毎朝、南向きの大きな窓に下がっているベージュのカーテンを、さ
っと開けたときの感動。
街全体がきらきら輝いて、おはよう、といっせいに語りかけてくれ
ているみたいだ。
おはよう。今日もいい日でありますように。
心の中でそんなふうに街に語りかけて、私の一日が始まる。
(63p)
そうかこんな楽しみ方もあるかと思いました。
毎朝、寝ていた部屋のカーテンを開けるのは私の役目です。
南向きの窓です。
ロールカーテンを上げるのですが、
まだそこにはレースのカーテンがあります。
だから外の景色まではしっかり見ていません。
レースのカーテンもついでに開けて、景色を見ることで、
景色がおはようと言ってくるような体験ができるかもしれません。
そんなことを思いました。
「ふうん、なんか不思議やな。

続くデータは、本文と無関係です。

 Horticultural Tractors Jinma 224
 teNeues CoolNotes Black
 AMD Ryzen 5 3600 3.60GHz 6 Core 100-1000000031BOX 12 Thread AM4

未来(みき)先生、めっちゃレシピ
のバリエーションあるねんで~って、ご近所の徳永さんが言うては
ったよ。何百ものレシピが頭の中に入ってて、すーッと出てくるん
と違うの?」
「まさかあ。いっつも苦労してひねり出してるねんよ。手軽に揃う
食材で、予算千円くらいで、ちょっと変わってて、おいしくて・・・
って、なかなか難しいねん。」
「わ、予算千円以内で?ちょっとそれ、私も興味ある」
(73p)
未来先生は、料理教室の先生です。
この文章を読んで、私は教材研究を思い出しました。
限られた授業の時間に、どの映像を使って、どう授業を流すか。
「いつも苦労してひねり出してるねんよ」状態です。
その積み重ね。退職するような年になっても、相変わらず。
この2日間で、月曜日の授業をひねり出さなくてはいけません。
未来先生の話の続きです。☟
我が家のキッチンは、毎晩、私の書斎となる。
壁面いっぱいの食器棚の一部は、母と私が買い込んだ料理本で埋ま
っている。母の蔵書の中には、「結婚するときに持ってきた」とい
う、かなり年季の入った「家庭料理読本」もある。ページのあちこ
ちが擦り切れてよれよれになっていたが、母はいまでも「初心に戻
って」この本を開くという。
私も、レシピ作りに困ったときには、この本を広げ、さあどうしよ
うとにらめっこする。
(81p)
キッチンが書斎。
いいじゃないですか。
私はすぐに教材研究している自分に置き換えます。
映像のしまっている部屋で、苦心している自分。